- Crawled caption data:
---
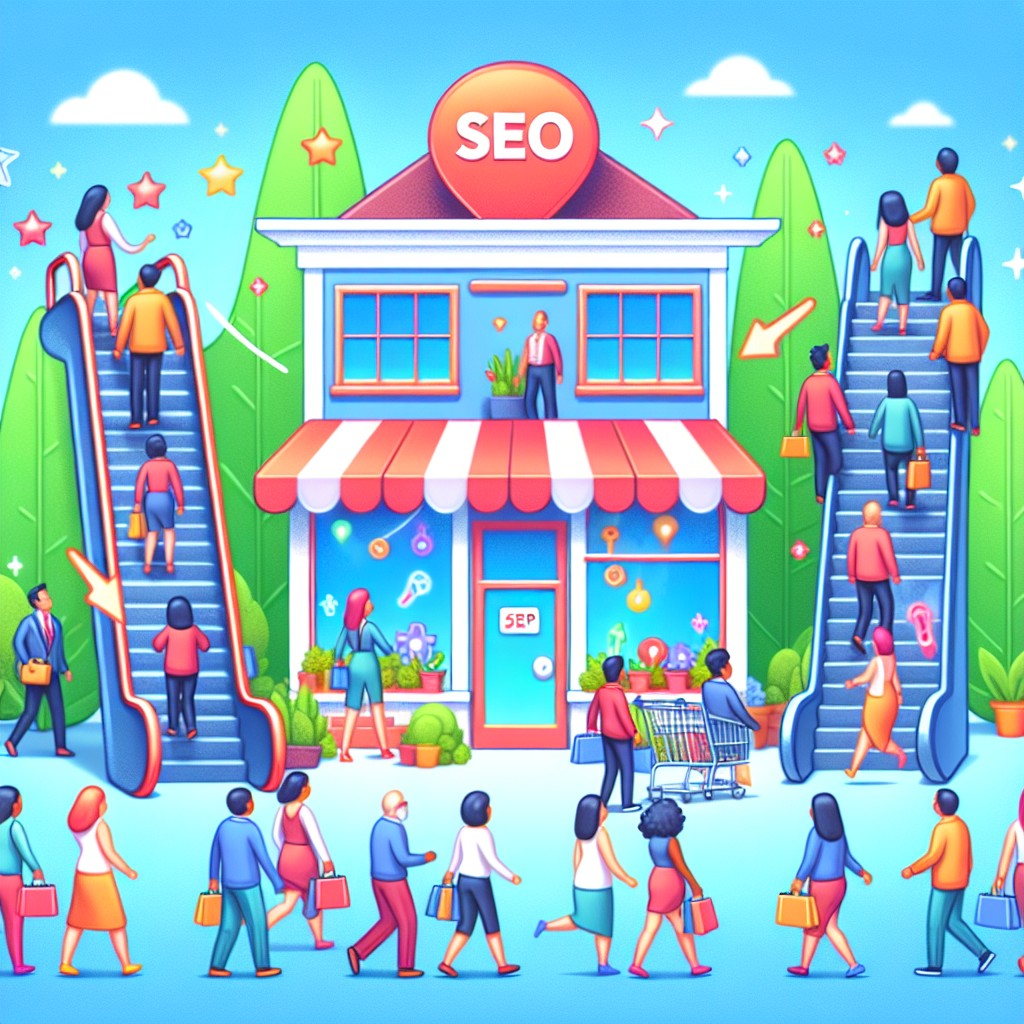 Illustration représentant la montée en puissance d'une petite entreprise grâce au SEO moderne.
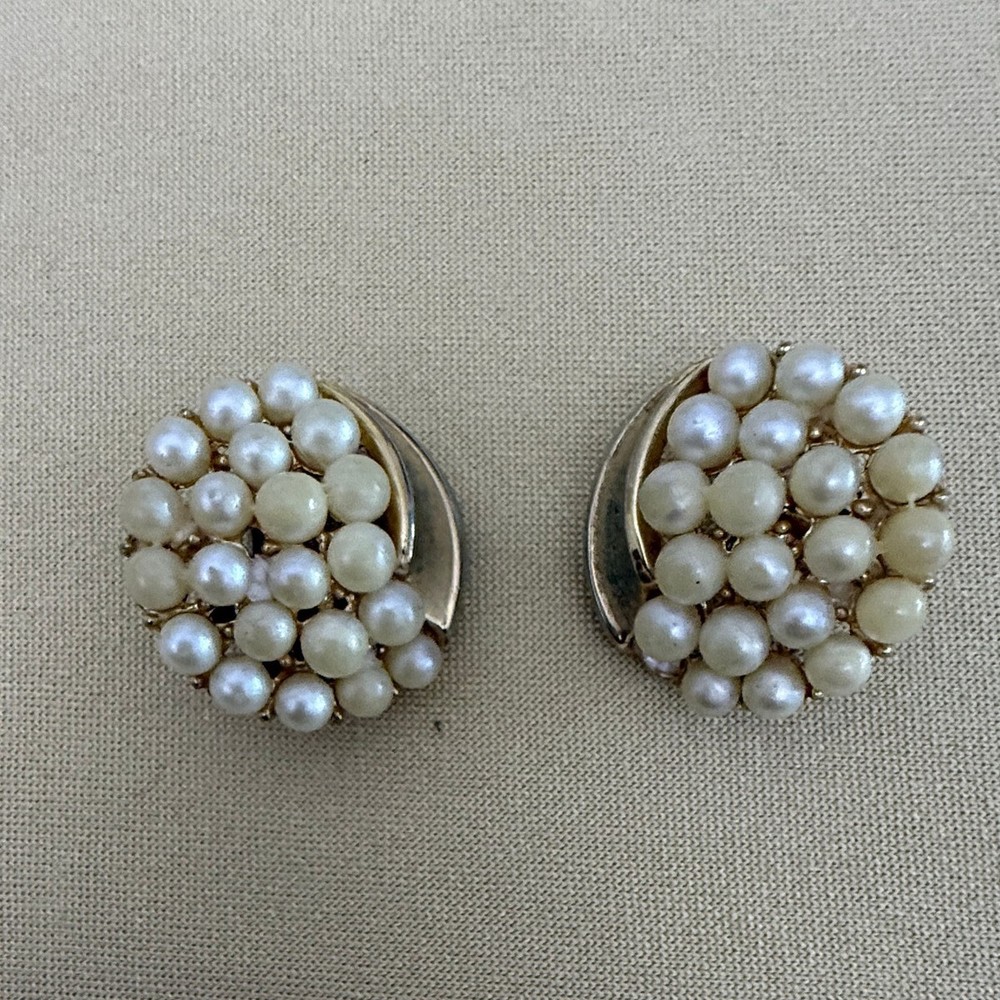 Trifari Vintage Faux Pearl Cluster Clip-on Earrings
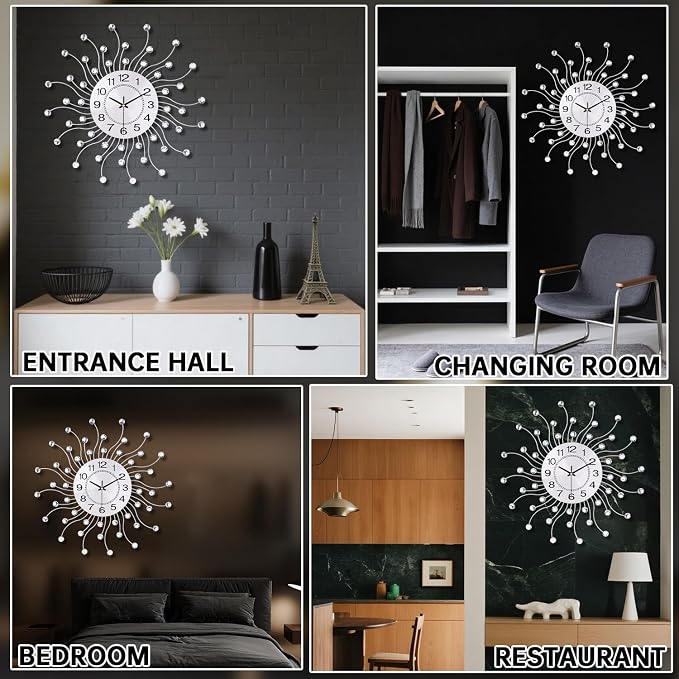 Large Wall Clock for Living Room Decor, Quiet Metal Quartz Clocks Modern Dial - Image 5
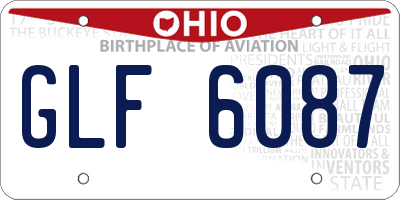 OH license plate GLF6087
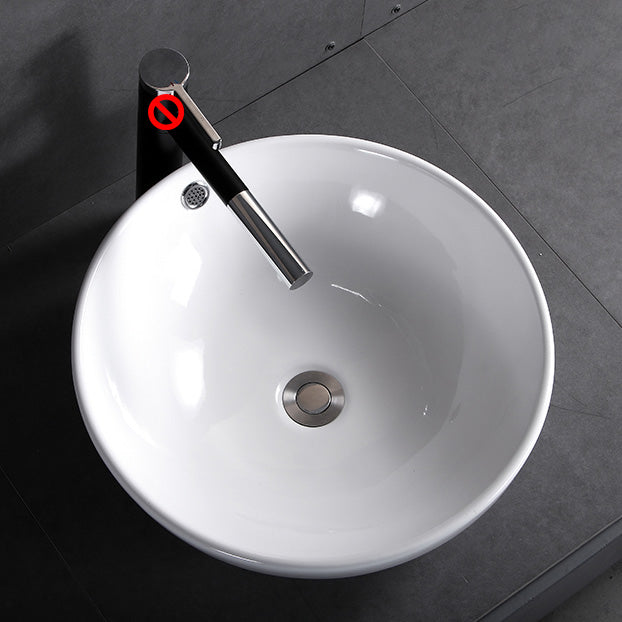 Modern Bathroom Sink Porcelain Pop-Up Drain Round Vessel Bathroom Sink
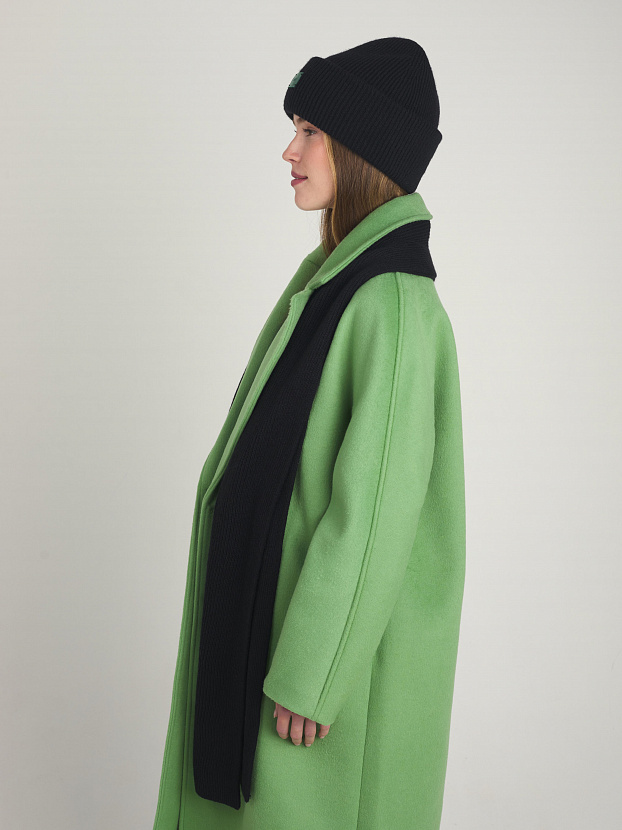 Спейс комплект (шапка+шарф) трикотажный (черный/ярко-зеленый, 56-58)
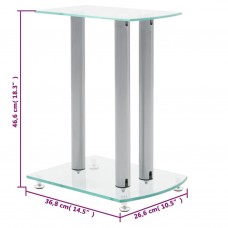 2 galdiņi ar stikla virsmu un alumīnija statīviem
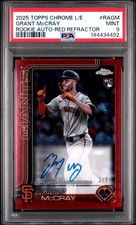 2025 TOPPS CHROME LOGOFRACTOR ED RC AUTOS RED REFRACTOR GRANT MCCRAY 2/5 PSA 9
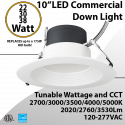 LED commercial down light 10inch 22/30/38W 3530lm 100-277V 27/30/35/40/50K Dimmable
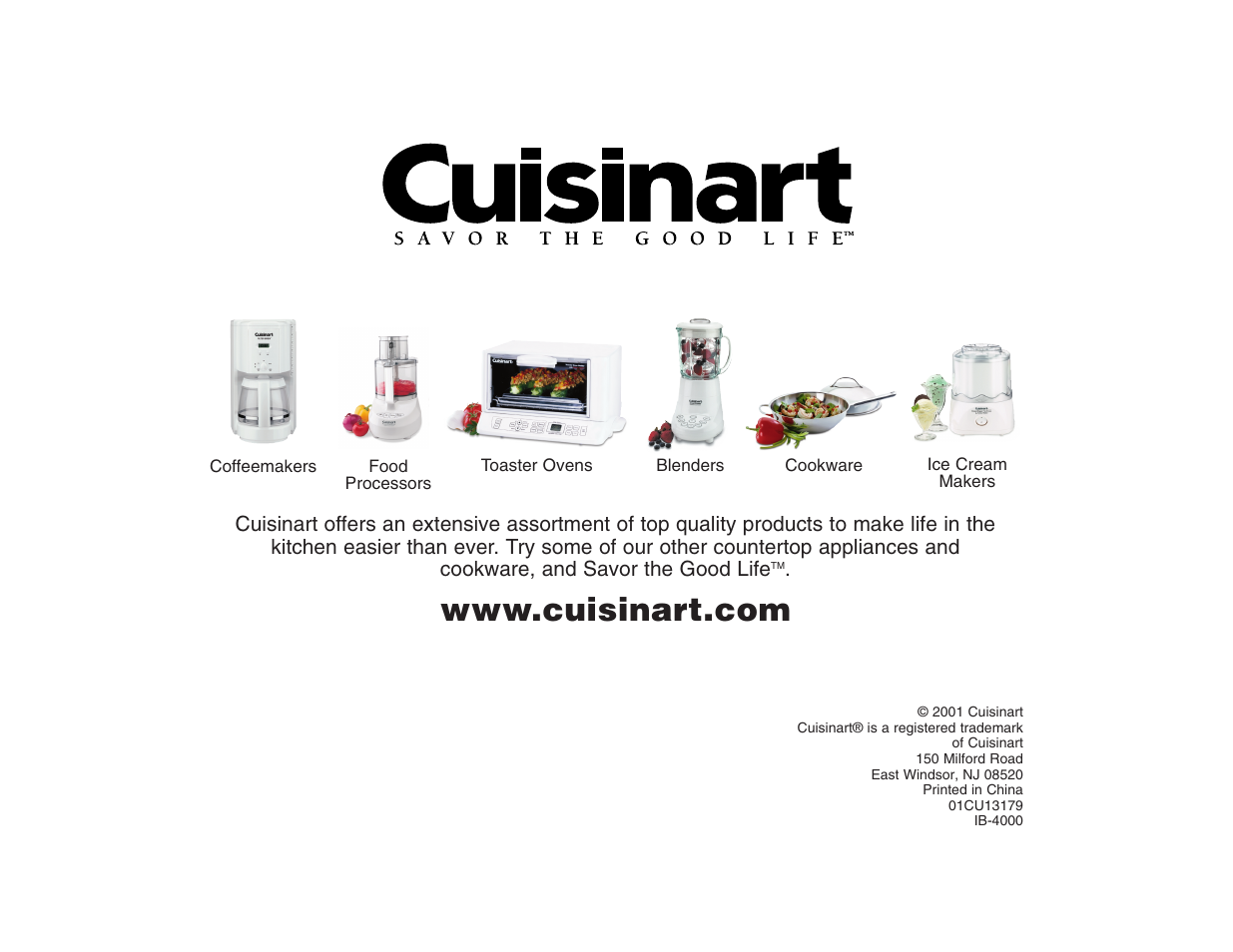 Cuisinart 01CU13179 User Manual | Page 8 / 8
---
- Task details: With the pictures omitted, the records above are to be repeated exactly.

- Response to the task:
 Illustration représentant la montée en puissance d'une petite entreprise grâce au SEO moderne.
 Trifari Vintage Faux Pearl Cluster Clip-on Earrings
 Large Wall Clock for Living Room Decor, Quiet Metal Quartz Clocks Modern Dial - Image 5
 OH license plate GLF6087
 Modern Bathroom Sink Porcelain Pop-Up Drain Round Vessel Bathroom Sink
 Спейс комплект (шапка+шарф) трикотажный (черный/ярко-зеленый, 56-58)
 2 galdiņi ar stikla virsmu un alumīnija statīviem
 2025 TOPPS CHROME LOGOFRACTOR ED RC AUTOS RED REFRACTOR GRANT MCCRAY 2/5 PSA 9
 LED commercial down light 10inch 22/30/38W 3530lm 100-277V 27/30/35/40/50K Dimmable
 Cuisinart 01CU13179 User Manual | Page 8 / 8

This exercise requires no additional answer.